→ Input for this task
____
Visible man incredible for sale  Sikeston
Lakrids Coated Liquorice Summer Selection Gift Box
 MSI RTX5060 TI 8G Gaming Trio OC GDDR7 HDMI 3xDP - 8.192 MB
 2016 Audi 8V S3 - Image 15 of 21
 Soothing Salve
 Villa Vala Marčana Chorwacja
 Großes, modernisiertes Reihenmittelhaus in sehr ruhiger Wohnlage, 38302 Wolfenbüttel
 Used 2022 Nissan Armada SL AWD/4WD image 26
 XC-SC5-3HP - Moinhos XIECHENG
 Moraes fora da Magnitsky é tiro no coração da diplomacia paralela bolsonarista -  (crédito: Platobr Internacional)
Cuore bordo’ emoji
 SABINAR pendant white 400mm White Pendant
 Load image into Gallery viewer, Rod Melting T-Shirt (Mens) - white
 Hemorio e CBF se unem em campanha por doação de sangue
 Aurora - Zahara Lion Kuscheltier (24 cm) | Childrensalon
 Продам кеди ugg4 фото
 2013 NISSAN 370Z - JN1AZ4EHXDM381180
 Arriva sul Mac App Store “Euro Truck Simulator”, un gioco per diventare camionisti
____
→ What you have to do
Collect, from the material above, every line containing the word "white".

→ Answer to this problem
 SABINAR pendant white 400mm White Pendant
 Load image into Gallery viewer, Rod Melting T-Shirt (Mens) - white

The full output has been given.